Celebrate the Rainbow!

Lesbian, gay, bisexual, transgendered and questioning (LGBTQ) parents, students, and staff provide valuable insight on what works well and where improvements can be made to support LGBTQ health and well-being in schools.  In addition, LGBTQ school members bring their unique culture, history, and perspectives that enrich the whole school community. We encourage members of the LGBTQ community to play an active role in schools, to build awareness and support strategies that enhance school health and well-being. We also encourage school communities to increase their own awareness of LGBTQ issues and rights.

LGBTQ Students and the Ministry of Education

To support LGBTQ student education, the Ministry of Education has produced an Equity and Inclusive Education Strategy in which all students, parents, and other members of the school community are welcomed and respected, and every student is supported and inspired to succeed in a culture of high expectations for learning. For more information on Ontario's Well-being Strategy for Education, visit  http://www.edu.gov.on.ca/eng/about/Wellbeing2.html.

Gay Straight Alliances (GSAs) and School Positive Space at School

Supportive school staff make students feel safer, miss less school, and consider college or university more often. Students in schools with a Gay-Straight Alliance (GSA) are more likely to feel like they belong than students in schools without GSAs. Research has also shown that when schools have anti-bullying policies that include harassment based on sexual orientation, there is a lower incidence of homophobic remarks and verbal harassment, and higher rates of intervention by teachers. Enacting these measures can help to make the school experience a vastly more positive one for LGBTQ students.
What is a GSA?
Gay-Straight Student Alliances (GSAs) are student-run and teacher supported, school-based groups that promote welcoming, caring, respectful safe and inclusive spaces for LGBTQ students and their allies. GSAs help LGBTQ students feel valued, respected, and empowered. They help build awareness for the whole school. It creates opportunity for interested students to become allies. A successful GSA promotes healthy relationships and welcomes diverse people in the school community.
Why have a GSA?
LGBTQ students may have particular challenges as they grow and develop. They may have more questions and concerns about how to talk to friends and family about their sexual orientation, gender identity or gender expression. Many may be isolated because they are afraid of rejection or bullying from others. These students can be the most marginalized students in your school.

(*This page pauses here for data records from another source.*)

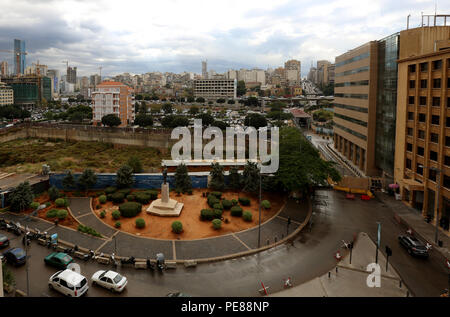 Une vue de ce qui était l'un des champs de la mort de Beyrouth pendant la guerre civile du Liban et le champ de bataille que le capital divisé en deux moitiés. Banque D'Images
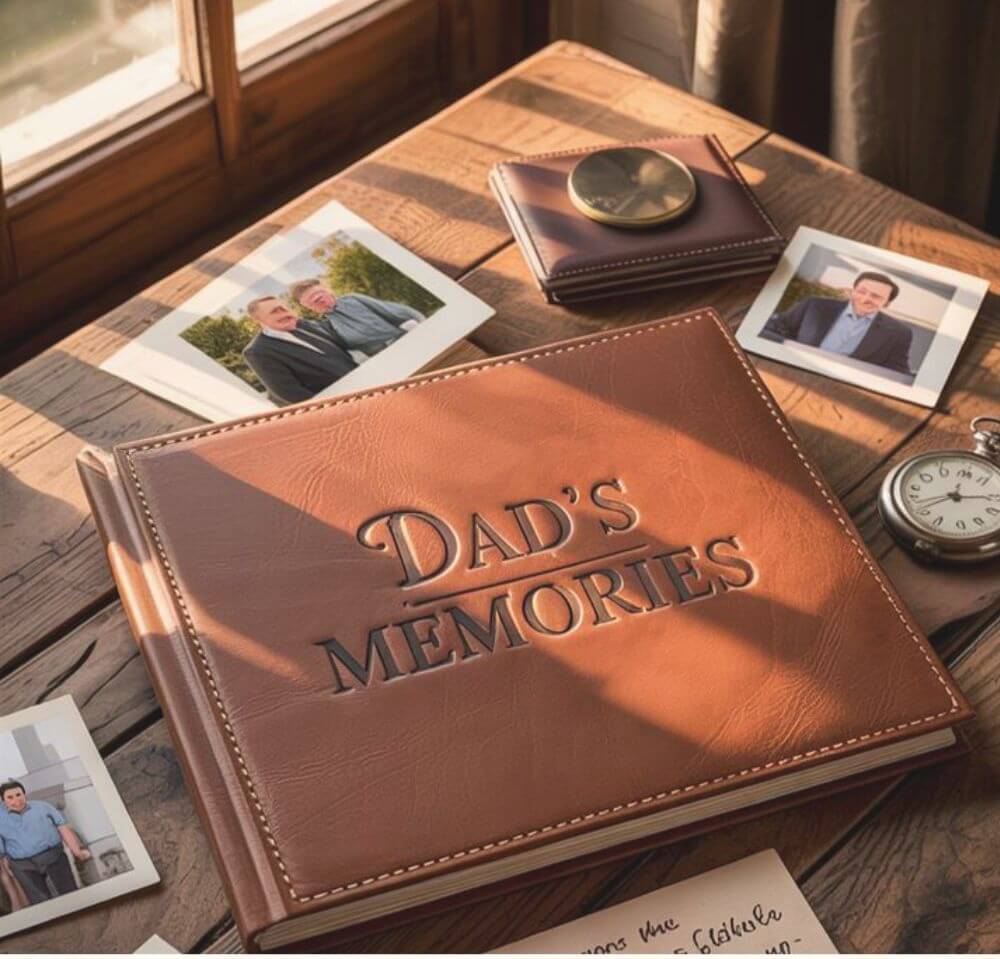 Leather-photo-album-labeled-Dad’s-Memories-with-printed-family-photos-on-a-wooden-desk.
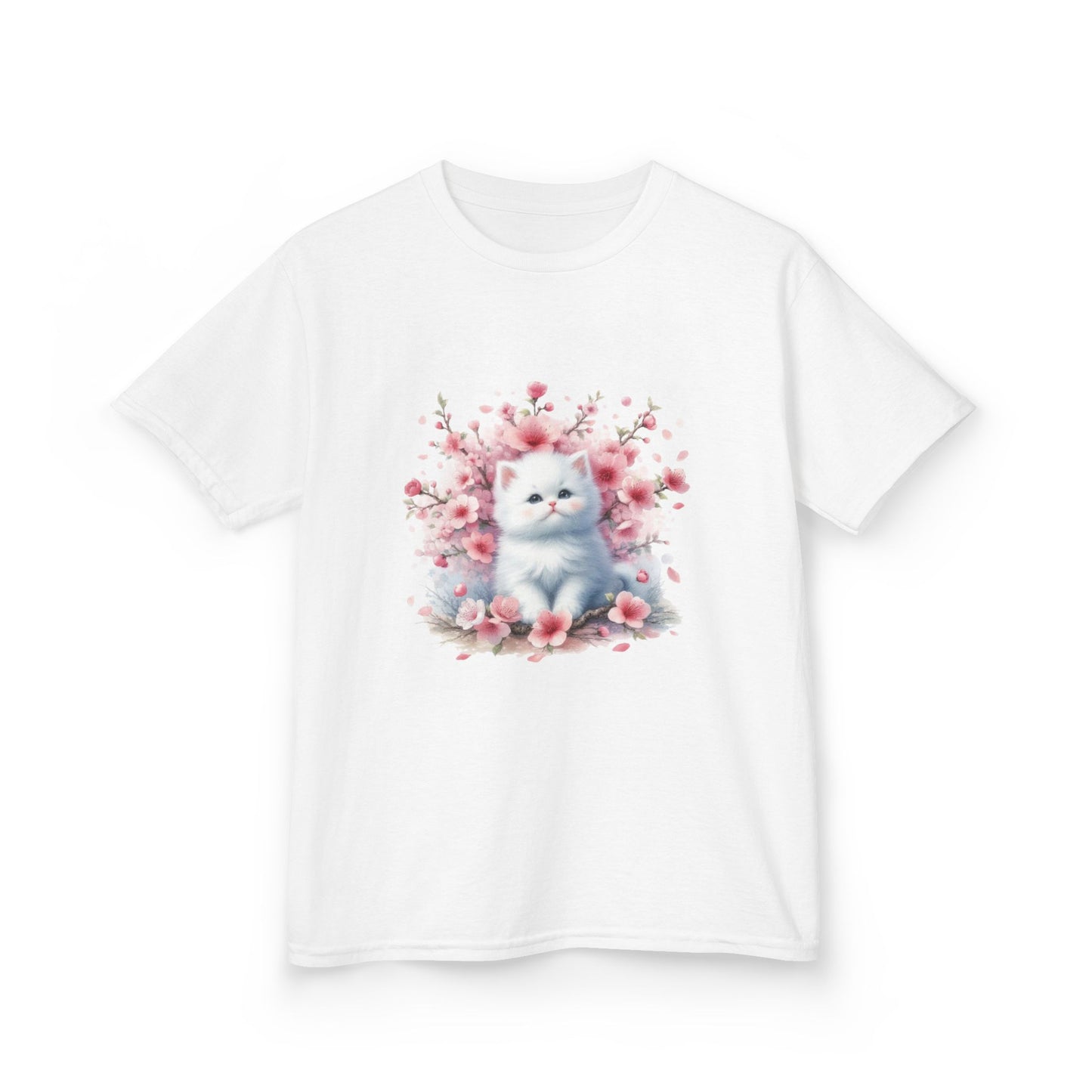 Adorable Floral Kitten Kids Tee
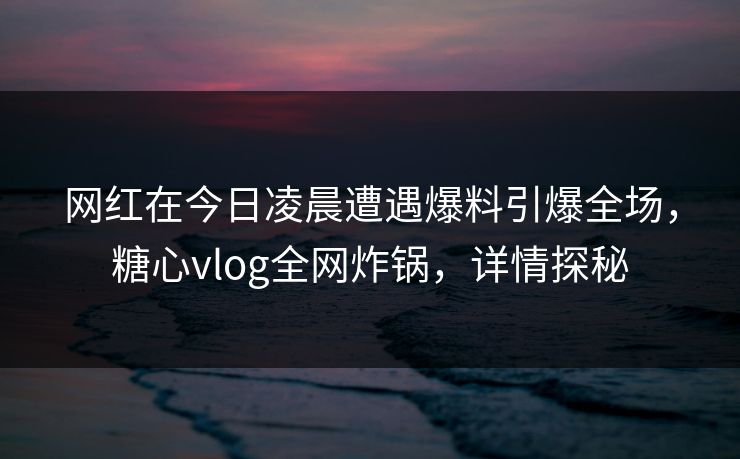 网红在今日凌晨遭遇爆料引爆全场，糖心vlog全网炸锅，详情探秘
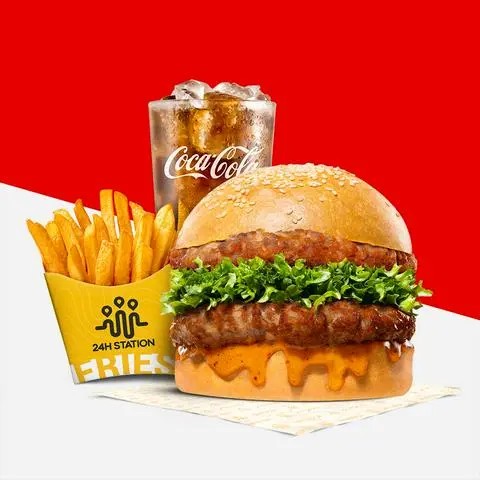 Hình ảnh Combo Burger 2 Miếng Bò Nướng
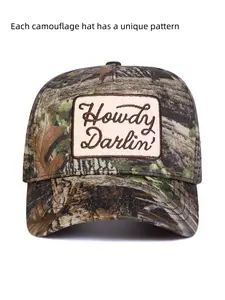 Unisex Adjustable Baseball Cap, Howdy Darlin Letter Embroidery Design, Casual Fitted Woven Fabric Hat for Spring & Fall Outdoor Activities, Camo Dad Hat, Embroidered Hat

LGBTQ students suffer disproportionately from bullying and harassment, family disownment and conflict, homelessness, depression, suicide and suicidal ideation, and substance misuse. They are also much more likely to report skipping school due to safety concerns, and are more than twice as likely to report that they are not planning to pursue post-secondary education. When LGBTQ students do not see themselves reflected or acknowledged anywhere, it compounds their sense of isolation and undermines their ability to form a healthy self-concept.

GSAs can create a positive, caring, school climate that help LGBTQ students to have improved self‐esteem, friendships and supports, and confidence to be successful at school.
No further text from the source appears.